Wednesday, November 02, 2005
Can't stop looking back
What brought this on? Well, as some of you may know, I-66, Deep Cover, and myself are leaving the Sports Townhouse for various reasons, and I'm going to miss the place. There have been good memories here, be it Redskins, parties, dogs, and other general fun. Not unusual, but I take it too extremes.
I've had this problem with everything. I was actually sad when I graduated high school, if you can believe that. I was sad when I graduated from college. I was sad as a kid any time we moved. I remember that when I heard we were leaving, I would go and spend time into every room of the house, as if there were some tucked away corners I had neglected.
I've felt this way about jobs, co-workers, cars, Little League and old ratty clothes. What the hell is the matter with me? Someone at least tell me this is normal. I feel kind of like a sissy.
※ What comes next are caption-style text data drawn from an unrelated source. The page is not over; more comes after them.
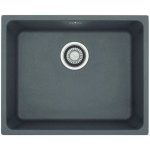 Franke KBG 110-50 onyx – Hledejceny.cz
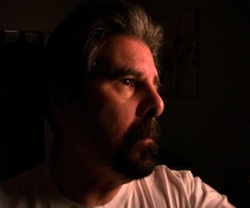 stephen spignesi
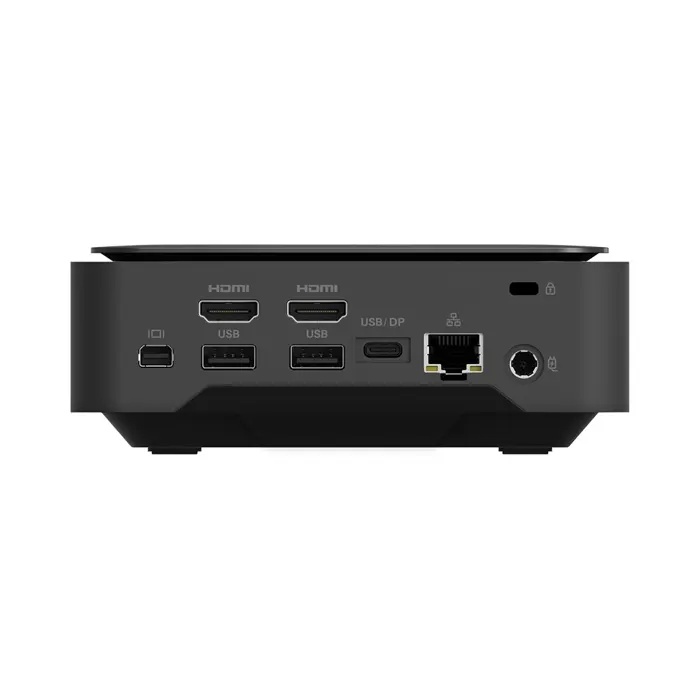 gigabyte-gb-ber3h-5300-pcworkstation-barebone-black-5300u-26-54324-wlononwcranrf.webp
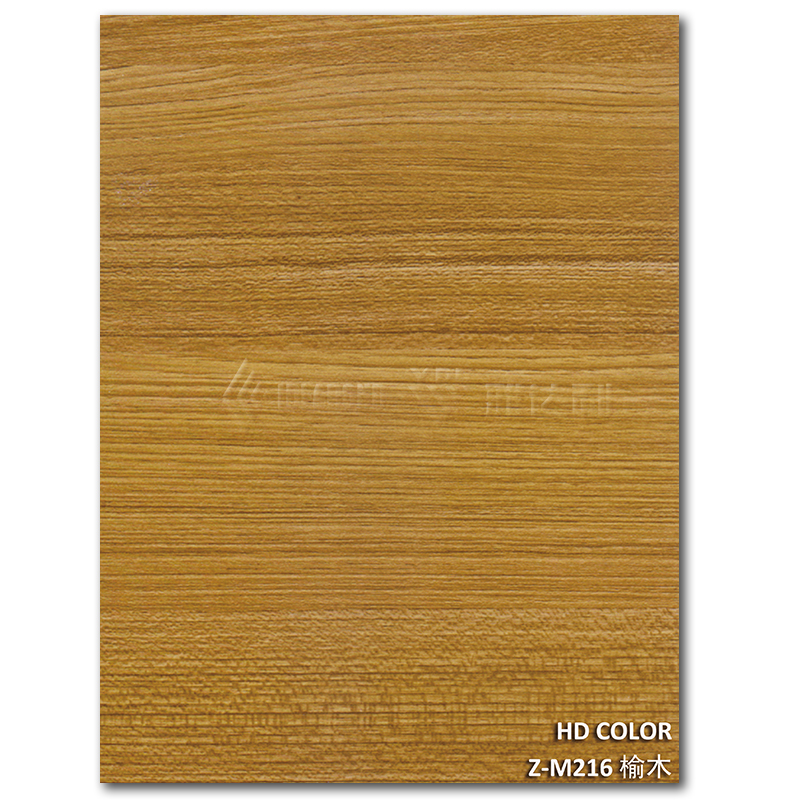 Z-M216-榆木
Tuesday, November 01, 2005
Defending MLS Champions DC United were ousted from the MLS Playoffs after a 4-0 stinker of a loss to Chicago Fire at RFK Stadium. I don’t even know where to begin as far as slinging around the blame, so instead let’s look ahead.
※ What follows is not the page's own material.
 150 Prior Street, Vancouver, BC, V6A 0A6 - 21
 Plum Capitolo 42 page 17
- Freddy Adu - You figure I had to start there. Shut your mouth and play. You’re not a superstar. You’re not even the best player on your own team. In the time you had on the field this season you didn’t do too terribly much. I’d like to see Freddy tryout for the World Cup side so he could maybe be humbled when Saint Bruce cuts him. There’s a reason he’s on the bench. This is a team, check your personal agenda at the door and play soccer.
- Defense – This needs to get better. I saw once on the MLS Power Rankings on espn.com someone write that Facundo Erpen “oozes class”. Um, I don’t think so. He oozes something, though.
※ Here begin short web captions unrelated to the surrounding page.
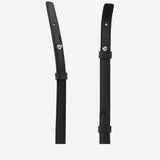 BORSA TOTE CARADOC MICRO 5L00004 M6275999 MONCLER 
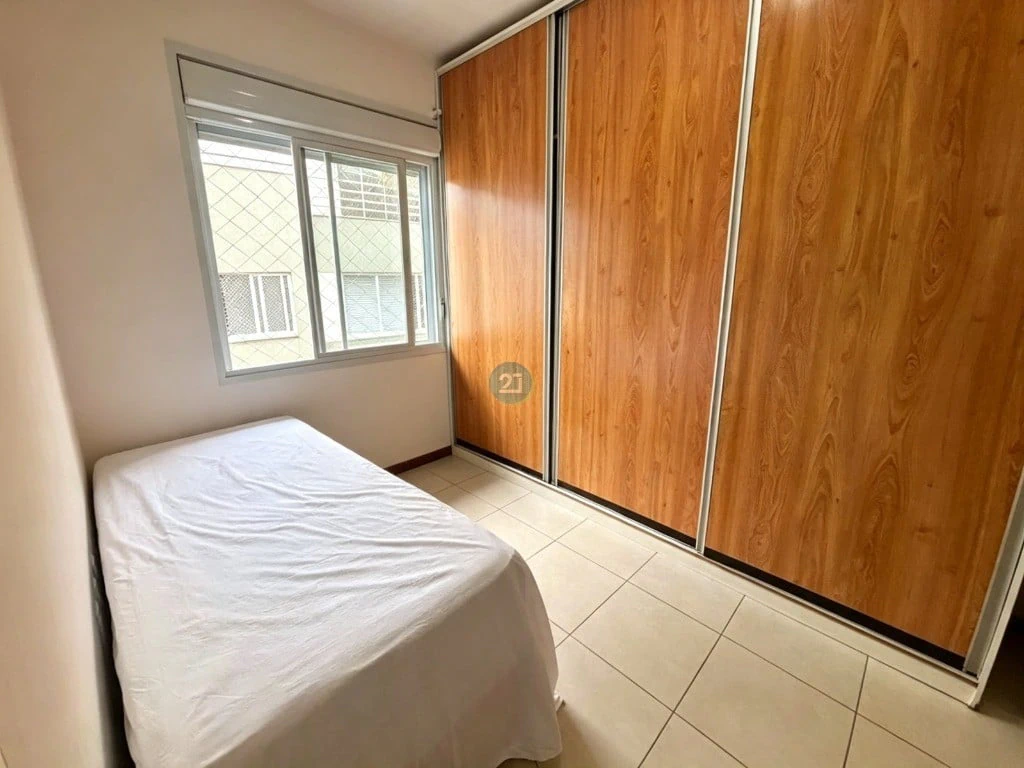 181 m² apartment with 3 bedrooms and mountain views — photo 16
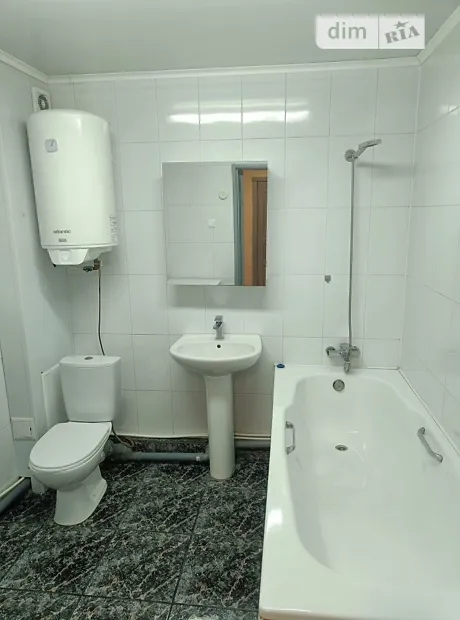 Квартира на вул. 5-й Зарічний мікрорайон в Кривому Розі, ID 298695, фото №8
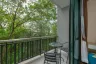 Condo for Sale or Rent in The Nai Thon Condominium, Sakhu, Phuket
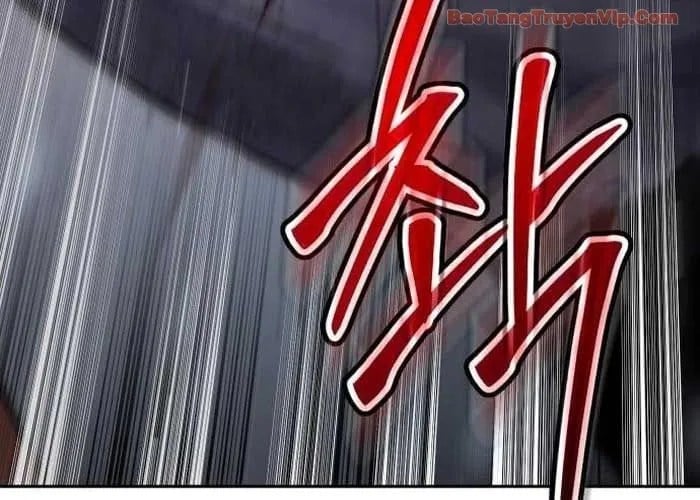Đặc Vụ Song Sinh Chapter 149 - Trang 2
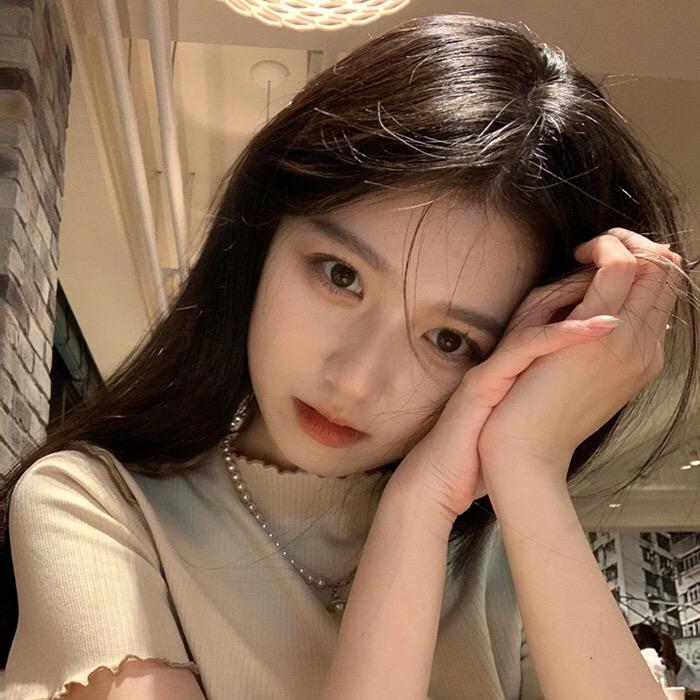 玲玲💕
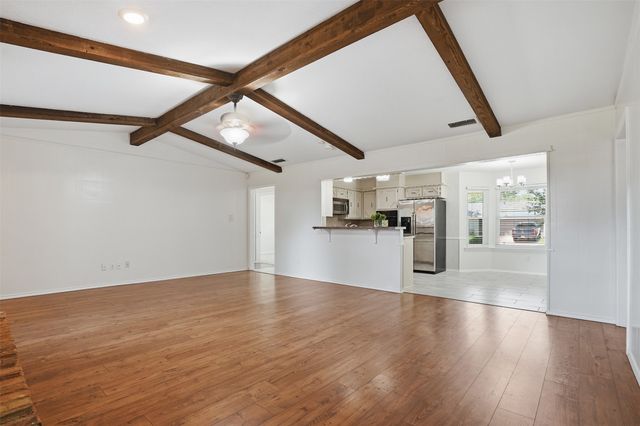 325 Navajo Drive, Keller, TX 76248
- Christian Gomez – What happened to you in the playoffs? And who was that guy on the field wearing your jersey? Return to form next season, please.
- The Post has it that there will be some salary cap issues to get past this offseason. Jettisoning Freddy is the wrong move. It sends the message that the squeaky wheel gets the grease and in Freddy’s case I find that to be unacceptable.
Next season the DCU quest for a cup will begin again. In the meantime, how bout a stadium deal?